Core principles for risk management adoption within an organization.

A new report from Javelin Strategy & Research has concluded that small- and mid-sized businesses are a prime target for financial fraud. The "2011 Small Business Owners Identity Fraud Report: How SMBO Fraud Rates Impact FI Revenues and Retention" from the analyst company concluded that while fraud rates have declined significantly, the comparative SMBs are still at 17 percent higher risks compared to consumers. According to the company website, the questions asked for the most recent survey are "identical or very similar" to those asked in earlier surveys conducted in 2009 and 2008 as part of efforts to ensure that longitudinal trends can be observed.

 

As reported on InformationWeek, Phil Blank, senior research analyst, security risk and fraud at Javelin Research thinks there are several reasons why SMBs are at increased risk from financial fraud.

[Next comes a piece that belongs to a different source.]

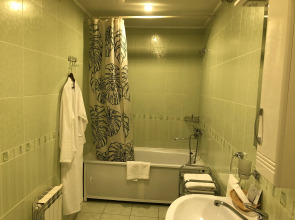 Отель ШВЕДКА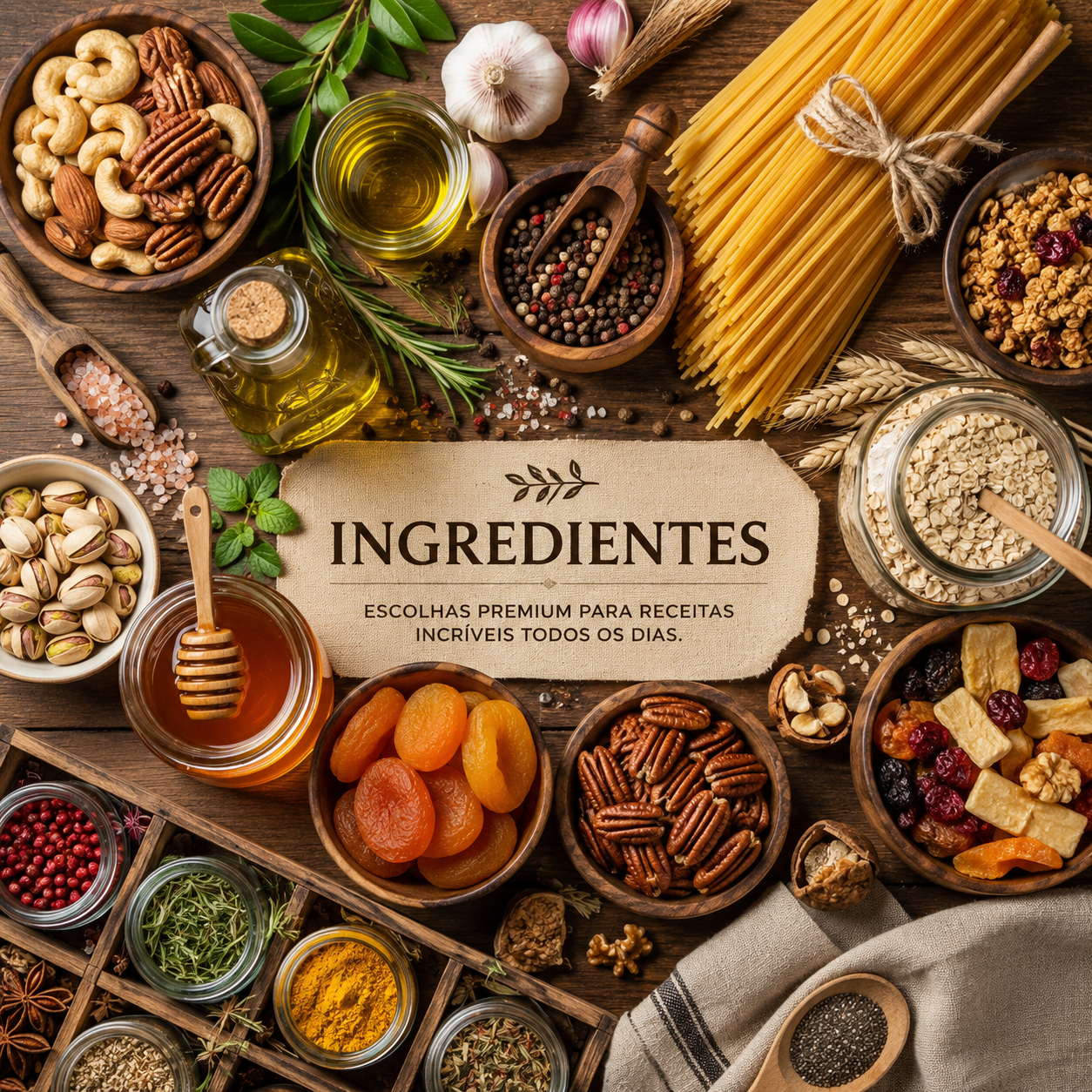 Ingredientes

This ranges from the lack of formal processes and procedures in place where security practices and credit card operations are concerned, as well as the lack of dedicated IT staffers assigned to the task of fraud prevention and detection.

 

Below are a couple of interesting nuggets from the findings that may prompt SMBs to pay just a little more attention to the task of eliminating financial fraud:

 

  • One out of three customers never go back to the store where fraud occurred.
  • Legal fees, account fees and loss of business can stack up to a significant amount beyond the initial cost of fraud.


 

Interestingly, the report noted that "many of the tools and techniques used in the consumer market can be successfully used by financial institutions and issuers to help protect [small and midsize businesses]." My interpretation of this simple piece of advice is this: SMBs can greatly enhance their level of protection without having to resort to esoteric measures or expensive security software.

 

In my mind, traditional defenses such as installing a trusted and reliable anti-malware application, regular patching and updating of software and even periodic training of employees to inform them of the latest social engineering tricks are measures that can effectively help SMBs reduce their security risk profile.